Down the aisle of trucks, those returning from their mission wave peace signs and honk their horns in a deafening symphony, ecstatic to have finally achieved what they had come to the edge of Egypt for.
“For months, we’ve been eating, sleeping, and showering in our trucks, just waiting for the moment we’re told we can go in,” said Essam Desouky, a burly trucker from the Nile delta town of Al-Mahalla Al-Kubra.
Mohamed Aboul Maati, a clean-shaven driver in his 50s from Ismailia across the Sinai Peninsula, told AFP at the border he was “unbelievably proud to be able to do even this much.”
Some drivers told AFP they had spent three months at the border, where aid groups say they have hundreds of trucks of supplies stocked up, waiting to enter the Palestinian territory.
First hours of quiet
For months, they have felt the shocks of ceaseless Israeli shelling inside Gaza, just across the border.
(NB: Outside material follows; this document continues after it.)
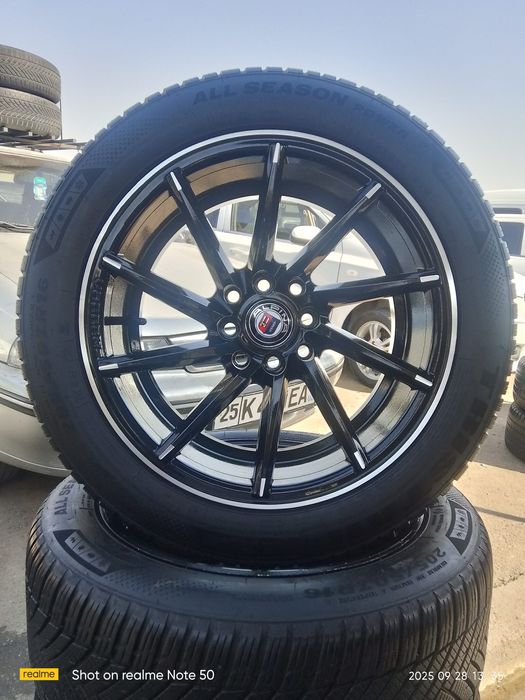 Alpina r16 diska balon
On Saturday, the eve of the truce, “my truck windows shook with the force,” said 45-year-old Desouky.
“I woke up terrified, I thought the bombs were falling right outside.”
Gaza’s civil defence agency reported deadly Israeli strikes in the territory’s south, close to the Egyptian border, on Saturday.
At the border on Sunday, as the afternoon stretched without the familiar sounds of fighting, those who live and work in the area seemed disoriented.
“This is the first time it’s been this quiet,” said one humanitarian worker who has been stationed at the border since the war began more than 15 months ago.
Sixty-three-year-old driver Saad Ismail Rakha, who says he has relatives in Gaza, could not shake off the crushing sense of helplessness at the horrors and devastation next door.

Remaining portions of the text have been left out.